Asia stocks jump, Fed refrains from stimulus cut

A television monitor on the floor of the New York Stock Exchange shows the decision of the Federal Reserve, Wednesday, Sept. 18, 2013. The Federal Reserve has decided against reducing its stimulus for the U.S. economy, saying it will continue to buy $85 billion a month in bonds because it thinks the economy still needs the support. (AP Photo/Richard Drew)

BANGKOK (AP) — Asian stock markets surged Thursday after the U.S. Federal Reserve unexpectedly refrained from reducing its massive economic stimulus.
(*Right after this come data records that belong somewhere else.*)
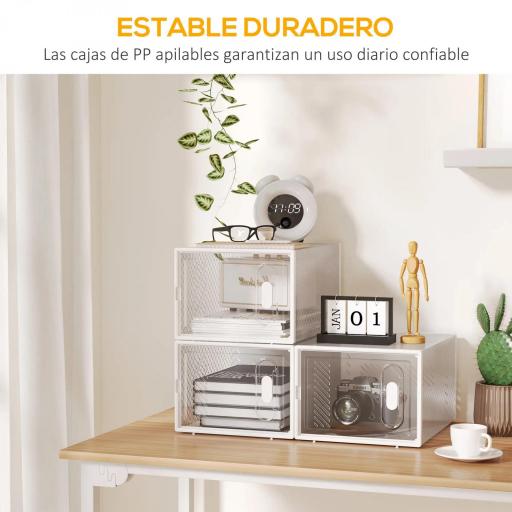 Organizador de Zapatos Modular Estantería Modulable con 8 Cubos Puertas Magnéticas 28x36x21 cm Transparente [3]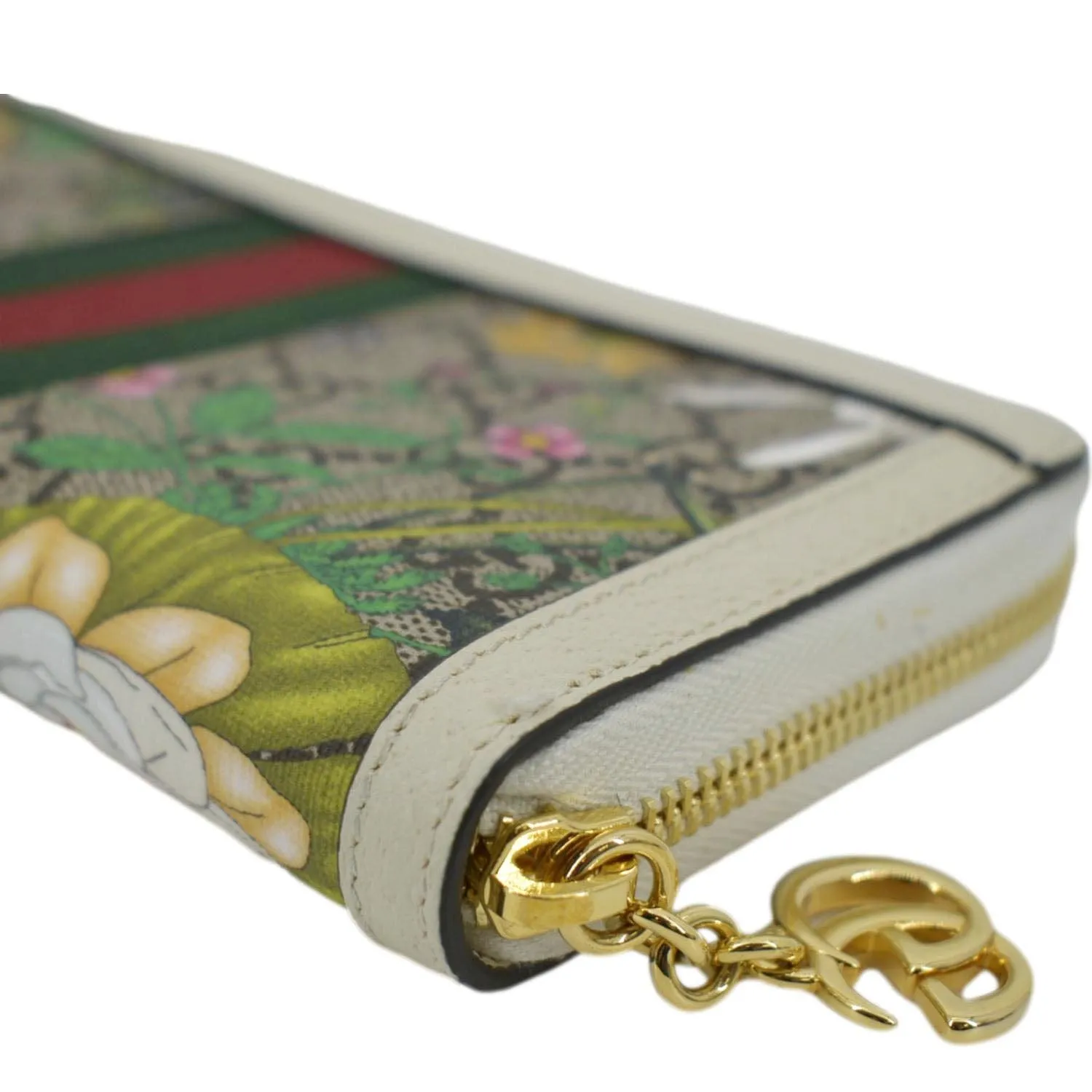 GUCCI Ophidia Flora Web GG Continental Supreme Canvas Wallet Beige 523154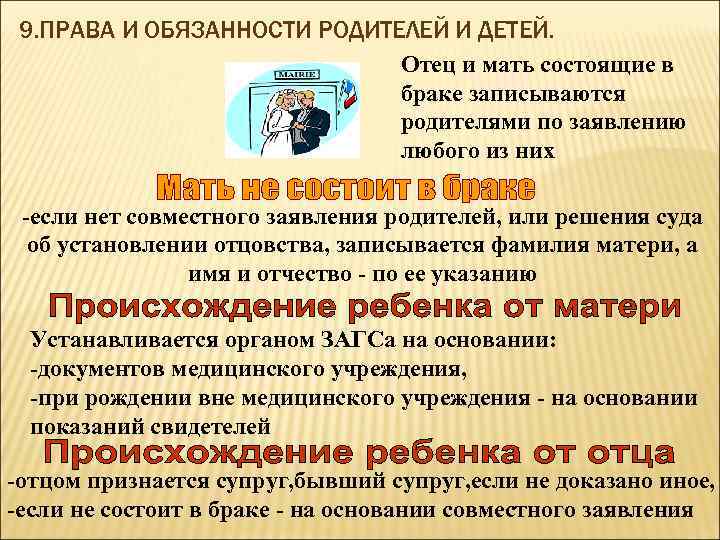 9. ПРАВА И ОБЯЗАННОСТИ РОДИТЕЛЕЙ И ДЕТЕЙ. Отец и мать состоящие в браке записываются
Not even dour data out of Japan showing a swelling trade deficit could dampen the rally sparked by the Fed's decision to keep in place its $85 billion in monthly bond purchases, part of its "quantitative easing" approach of pumping money into the financial system to help stimulate the U.S. economy.

Investors had braced themselves for a slight reduction in monthly bond purchases. Instead, the Fed, at the end of its two-day policy meeting Wednesday, announced no timetable for winding down the stimulus and even threw in a note of caution: the U.S. still has not attained adequate levels of job and economic growth.

"Employment growth has been very weak ... Private sector GDP growth is slowing, not accelerating," analysts at DBS Bank Ltd. in Singapore said.

Investors ignored the Fed's cautious tone and instead cheered the retention of the stimulus program, which has helped bolster global stock markets.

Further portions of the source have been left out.